An announcement

I'll keep walking through the morning dark and into evening as we try to find answers to NET cancer, but in 2021 I'll take a step back for a year. I'll still walk, I'll still ride, but I need a year for myself to heal the wounds of the last decade.
I’ll keep walking through the morning dark and into evening as we try to find answers to NET cancer, but in 2021 I’ll take a step back for a year. I’ll still walk, I’ll still ride, but I need a year for myself to heal the wounds of the last decade.

Dear friends,

As many of you know, December of this year will mark the tenth anniversary of Jane’s death. This August will mark the tenth anniversary of her NET cancer diagnosis. This winter marks ten years since we were both filled with worries about her rapidly declining health.

But this year also marks 40 years since her first symptoms appeared—and 35 years since I first encountered the edges of those symptoms and the effects on her life. Those effects almost immediately began to affect my own life.

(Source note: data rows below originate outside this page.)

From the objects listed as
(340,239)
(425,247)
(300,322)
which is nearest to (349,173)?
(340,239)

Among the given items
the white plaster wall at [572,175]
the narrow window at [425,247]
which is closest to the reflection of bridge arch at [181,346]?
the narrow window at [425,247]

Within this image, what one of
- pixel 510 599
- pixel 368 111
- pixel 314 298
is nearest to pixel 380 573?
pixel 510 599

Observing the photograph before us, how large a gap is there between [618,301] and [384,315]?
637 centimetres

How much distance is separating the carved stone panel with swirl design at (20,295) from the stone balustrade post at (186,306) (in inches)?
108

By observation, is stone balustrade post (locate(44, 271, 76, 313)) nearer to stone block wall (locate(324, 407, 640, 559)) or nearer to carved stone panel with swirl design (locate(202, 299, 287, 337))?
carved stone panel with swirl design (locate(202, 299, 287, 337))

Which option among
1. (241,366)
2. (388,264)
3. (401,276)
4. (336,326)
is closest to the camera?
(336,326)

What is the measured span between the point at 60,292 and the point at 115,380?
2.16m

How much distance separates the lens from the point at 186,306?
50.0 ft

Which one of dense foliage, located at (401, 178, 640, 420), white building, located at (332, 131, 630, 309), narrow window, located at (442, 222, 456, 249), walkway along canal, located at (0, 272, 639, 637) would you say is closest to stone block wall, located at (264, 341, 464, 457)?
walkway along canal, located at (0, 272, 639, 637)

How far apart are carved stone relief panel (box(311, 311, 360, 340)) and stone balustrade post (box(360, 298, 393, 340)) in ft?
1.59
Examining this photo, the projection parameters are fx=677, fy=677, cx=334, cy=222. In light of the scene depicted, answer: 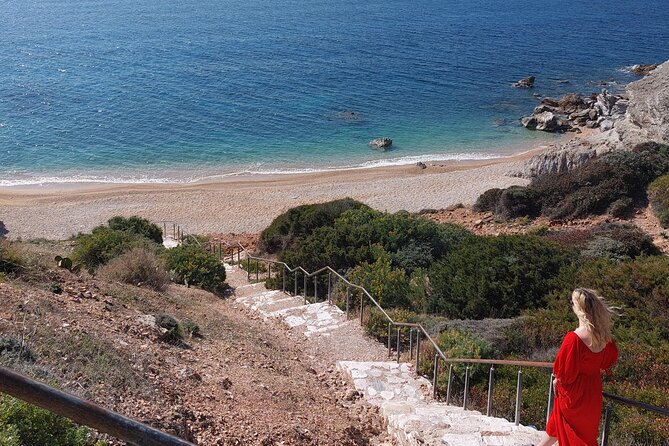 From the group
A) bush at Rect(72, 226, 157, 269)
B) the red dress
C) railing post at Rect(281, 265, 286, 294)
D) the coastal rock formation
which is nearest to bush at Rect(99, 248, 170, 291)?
bush at Rect(72, 226, 157, 269)

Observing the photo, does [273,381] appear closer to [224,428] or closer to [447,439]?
[224,428]

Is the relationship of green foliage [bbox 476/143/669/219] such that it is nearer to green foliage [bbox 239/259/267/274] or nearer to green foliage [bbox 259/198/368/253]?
green foliage [bbox 259/198/368/253]

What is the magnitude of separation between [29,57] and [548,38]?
63771mm

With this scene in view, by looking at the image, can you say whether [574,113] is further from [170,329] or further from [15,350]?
[15,350]

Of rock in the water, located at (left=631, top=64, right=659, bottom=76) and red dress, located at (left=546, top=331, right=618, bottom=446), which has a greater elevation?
rock in the water, located at (left=631, top=64, right=659, bottom=76)

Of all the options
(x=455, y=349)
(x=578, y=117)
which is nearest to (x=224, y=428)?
(x=455, y=349)

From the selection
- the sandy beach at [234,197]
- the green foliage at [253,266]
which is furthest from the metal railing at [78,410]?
the sandy beach at [234,197]

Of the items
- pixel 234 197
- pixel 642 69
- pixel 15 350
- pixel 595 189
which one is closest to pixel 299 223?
pixel 595 189

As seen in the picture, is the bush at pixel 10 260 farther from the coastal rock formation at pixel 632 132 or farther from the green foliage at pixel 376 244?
the coastal rock formation at pixel 632 132

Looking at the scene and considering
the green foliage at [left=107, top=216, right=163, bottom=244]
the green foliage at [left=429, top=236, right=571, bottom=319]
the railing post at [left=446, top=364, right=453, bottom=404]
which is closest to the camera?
the railing post at [left=446, top=364, right=453, bottom=404]

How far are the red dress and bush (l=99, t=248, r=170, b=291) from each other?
12175 millimetres

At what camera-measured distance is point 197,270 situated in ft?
61.7

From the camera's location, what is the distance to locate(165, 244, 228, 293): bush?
18.8 m

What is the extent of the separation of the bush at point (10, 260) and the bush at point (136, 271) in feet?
11.2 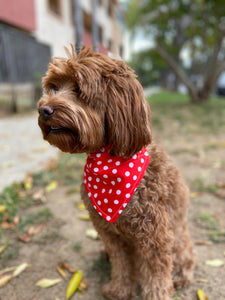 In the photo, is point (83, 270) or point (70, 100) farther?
point (83, 270)

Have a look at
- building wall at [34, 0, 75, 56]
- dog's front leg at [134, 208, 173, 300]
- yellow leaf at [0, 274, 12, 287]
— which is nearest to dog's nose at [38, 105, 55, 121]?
dog's front leg at [134, 208, 173, 300]

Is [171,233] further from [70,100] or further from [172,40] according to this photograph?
[172,40]

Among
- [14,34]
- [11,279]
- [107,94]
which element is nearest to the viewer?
[107,94]

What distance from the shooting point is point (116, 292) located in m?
1.92

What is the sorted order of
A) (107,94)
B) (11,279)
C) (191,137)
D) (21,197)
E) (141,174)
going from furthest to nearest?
(191,137) < (21,197) < (11,279) < (141,174) < (107,94)

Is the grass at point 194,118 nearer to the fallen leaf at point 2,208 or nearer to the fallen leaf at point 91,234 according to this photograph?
the fallen leaf at point 91,234

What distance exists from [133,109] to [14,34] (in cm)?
825

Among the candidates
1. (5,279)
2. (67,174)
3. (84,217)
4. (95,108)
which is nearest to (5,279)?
(5,279)

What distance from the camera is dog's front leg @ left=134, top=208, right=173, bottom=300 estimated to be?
167 cm

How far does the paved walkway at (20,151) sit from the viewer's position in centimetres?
390

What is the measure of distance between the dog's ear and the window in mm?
13704

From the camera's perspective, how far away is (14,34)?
816 cm

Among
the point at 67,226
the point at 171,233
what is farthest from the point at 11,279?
the point at 171,233

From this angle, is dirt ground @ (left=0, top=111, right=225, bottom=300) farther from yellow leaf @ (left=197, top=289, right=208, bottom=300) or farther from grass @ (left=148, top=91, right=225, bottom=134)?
grass @ (left=148, top=91, right=225, bottom=134)
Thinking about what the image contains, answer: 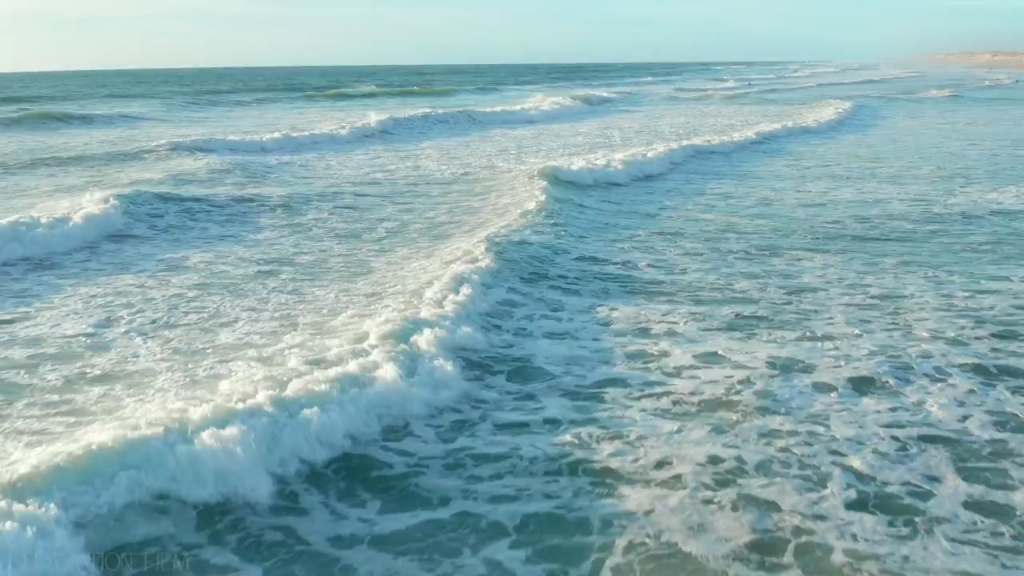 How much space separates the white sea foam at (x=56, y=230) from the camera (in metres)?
11.0

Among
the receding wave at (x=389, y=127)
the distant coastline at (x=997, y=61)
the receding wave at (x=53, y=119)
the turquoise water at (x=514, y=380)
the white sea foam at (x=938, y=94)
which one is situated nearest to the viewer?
the turquoise water at (x=514, y=380)

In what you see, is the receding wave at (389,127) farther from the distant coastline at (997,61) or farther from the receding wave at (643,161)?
the distant coastline at (997,61)

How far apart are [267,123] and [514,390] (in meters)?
25.6

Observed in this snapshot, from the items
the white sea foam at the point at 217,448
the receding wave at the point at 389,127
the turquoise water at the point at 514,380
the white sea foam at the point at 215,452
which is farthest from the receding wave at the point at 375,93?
the white sea foam at the point at 215,452

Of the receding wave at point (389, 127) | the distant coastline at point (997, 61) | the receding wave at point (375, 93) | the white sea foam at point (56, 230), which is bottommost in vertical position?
the white sea foam at point (56, 230)

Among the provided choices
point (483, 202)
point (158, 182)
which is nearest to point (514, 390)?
point (483, 202)

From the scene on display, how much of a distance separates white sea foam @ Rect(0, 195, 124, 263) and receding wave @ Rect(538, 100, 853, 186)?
767 cm

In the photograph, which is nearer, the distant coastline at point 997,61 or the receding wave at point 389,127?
the receding wave at point 389,127

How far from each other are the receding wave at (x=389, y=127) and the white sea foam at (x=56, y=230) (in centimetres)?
967

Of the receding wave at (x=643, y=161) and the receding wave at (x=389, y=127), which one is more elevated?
the receding wave at (x=389, y=127)

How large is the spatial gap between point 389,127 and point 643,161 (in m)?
11.7

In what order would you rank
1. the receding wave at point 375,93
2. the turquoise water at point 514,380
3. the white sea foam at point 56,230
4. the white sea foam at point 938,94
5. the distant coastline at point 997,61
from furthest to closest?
the distant coastline at point 997,61, the receding wave at point 375,93, the white sea foam at point 938,94, the white sea foam at point 56,230, the turquoise water at point 514,380

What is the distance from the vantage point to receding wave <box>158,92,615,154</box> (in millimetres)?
22406

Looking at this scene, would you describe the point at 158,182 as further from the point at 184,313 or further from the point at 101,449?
the point at 101,449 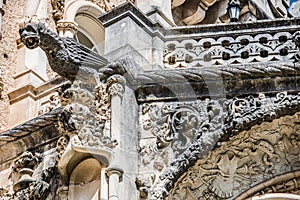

Since Jane’s diagnosis, NET cancer has become my constant companion. Since her death, I have devoted seemingly every waking minute to trying to broaden awareness of the disease and to create funding for research to bring about its demise. I don’t want anyone to go through the 30 years that Jane did between her first symptoms and her death. I don’t want any spouse to encounter the things I did because of her illness—and because of her death. 

In real terms, that meant drafting my first pamphlet on the plane to Seattle less than a week after we buried Jane, working on that while I was there, and drafting my first five-year plan for what became Walking with Jane on the flight home. Since then, I’ve written hundreds of letters and articles and proposals, given speeches, organized events and teams, walked and cycled hundreds of miles, inspired a few hundred people, and raised a small pile of seed money others have invested in research I hope will lead, eventually, to a cure.

Despite all of that, I’m frustrated—and still, it seems, deeply in mourning. 

And I’m mentally and emotionally exhausted. 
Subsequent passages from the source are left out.